The Repo on GitHub

I come before you today armed with information, if not knowledge. We’ll try some small steps toward what I think I somewhat understand.

Information

Since last I said “Bah!” here, I have read more in Loeliger, I have experimented with and read the code in the py4fun Forth, I have obtained and read quite a bit of the Forth standard, and have shared some useful lines with GeePaw Hill, who has dredged up some ancient memories of his days as a Forth Wizard. Here is a very lightly edited view of our exchange:

GeePaw Hill
So, in today’s article, I don’t think there’s any immediacy anywhere. CREATE is definitely not immediate, and I don’t think DOES> is.

What DOES> does in a regular memory map is this: CREATE has just dropped a CFA (Code Field Address, The address of the primitive that interprets the rest of the word.) for the word it just named. DOES> takes that CFA and makes it unconditionally jump to the code that follows it.

Ron Jeffries
Thing is in : CONSTANT CREATE , DOES> @ ; some of the code goes in CONSTANT and some in whatever constant you create, and I don’t see how to get it to do those two things.

Is it branching back into the definition of CONSTANT from DOES>?

GeePaw Hill
It looks like DOES> is compiling @ into the word that’s just been made, but it’s not. @ or any other code post-DOES> is compiled just like normal. DOES> makes the newly minted word jump (not call) to that code.
Ron Jeffries
so the @ is inside the def of CONSTANT and is branched to from wherever CONSTANT builds a new word?
GeePaw Hill
Yes, that’s it exactly. As I recall, different Forth’s do this differently, but that’s what fig-Forth did.
Ron Jeffries
and meanwhile CONSTANT itself somehow skips out without hitting what’s in the DOES>?
GeePaw Hill
Ahhhh, I see your question. So, yeah. DOES> must do a premature return. But there’s no immediacy, it just ends the function right there.
Ron Jeffries
Hm that’s helpful, thanks. but since my code isn’t threaded … I would need to call the CONSTANT word from the new word with a non-zero program counter. not a feature that I have but I could have, I suppose.

Maybe I have to manage the program counter explicitly.

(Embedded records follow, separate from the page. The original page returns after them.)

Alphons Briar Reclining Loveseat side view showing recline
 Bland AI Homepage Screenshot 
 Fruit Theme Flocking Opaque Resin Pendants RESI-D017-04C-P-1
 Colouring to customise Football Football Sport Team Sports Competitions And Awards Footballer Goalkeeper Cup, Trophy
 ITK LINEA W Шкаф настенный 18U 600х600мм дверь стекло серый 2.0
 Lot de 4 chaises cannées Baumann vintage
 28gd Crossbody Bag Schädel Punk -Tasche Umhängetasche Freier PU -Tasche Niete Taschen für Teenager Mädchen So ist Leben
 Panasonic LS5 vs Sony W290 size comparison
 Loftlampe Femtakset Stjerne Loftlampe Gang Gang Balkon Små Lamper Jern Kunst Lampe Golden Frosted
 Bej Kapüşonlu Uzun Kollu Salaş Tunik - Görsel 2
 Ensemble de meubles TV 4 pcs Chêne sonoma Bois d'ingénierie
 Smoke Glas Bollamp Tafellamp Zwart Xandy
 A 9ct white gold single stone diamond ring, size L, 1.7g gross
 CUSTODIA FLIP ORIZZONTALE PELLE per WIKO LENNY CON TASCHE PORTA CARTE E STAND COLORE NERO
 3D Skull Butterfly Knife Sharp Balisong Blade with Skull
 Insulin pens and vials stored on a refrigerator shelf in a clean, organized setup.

But the key idea is compile CONSTANT to have the DOES> code in it and (then a miracle occurs) get to it from the CREATE’s word, via a branch kind of thing not a call kind of thing. Nothing to it … 🙂

I think my current structure is wrong in some key way that I don’t quite understand, revolving around compile mode and state ideas, vs the sort of p-baked way the py4fun version works. And Loeliger is saying the loop words only work in compile mode, which I don’t know if that was true in real forth or not, because Loeliger isn’t really doing Forth, he’s doing a tune of his own invention.

GeePaw Hill
Good luck with it. Don’t know that I’ve ever seen you have two shitty days in a row. And feel free to de-brief here if it helps.
Ron Jeffries
Thank you kindly, that may sort me out. At least it makes me hopeful. 🙂

Vague Summary of Weak Understanding

Summing that up, what I have gleaned is that when we say:

: CONSTANT CREATE , DOES> @ ;

None of those words are immediate, so that the word CONSTANT has exactly those words in its definition, so that when we say:

2025 CONSTANT YEAR

Exactly those words will be executed: CREATE, ,, DOES> … and, we believe, DOES> will skip over the @ during the execution of CONSTANT, but will arrange for YEAR to do the @. According to Hill, the Forths he knew would branch back into the actual CONSTANT code, but I see no reason why we couldn’t just copy the rest of the CONSTANT’s code into the new word (YEAR) that we’re creating.

We “know” that CREATE is supposed to define a word that pushes the address of the next available cell on the heap (at the time CREATE runs, not each time the word YEAR runs). So,supposing the next available cell is at 5, it should be as if we had said:

: YEAR 5 @ ;

At this point I’m thinking “why don’t people just say that and spare me this trouble?”

Primary Concern

My main concern is that our compile method doesn’t really know that it’s compiling a definition. It is compiling a list of words, and if it is in “compile mode”, it keeps building that list until it exits compile mode. If it is not in compile mode after compiling a word, it returns the list to be executed.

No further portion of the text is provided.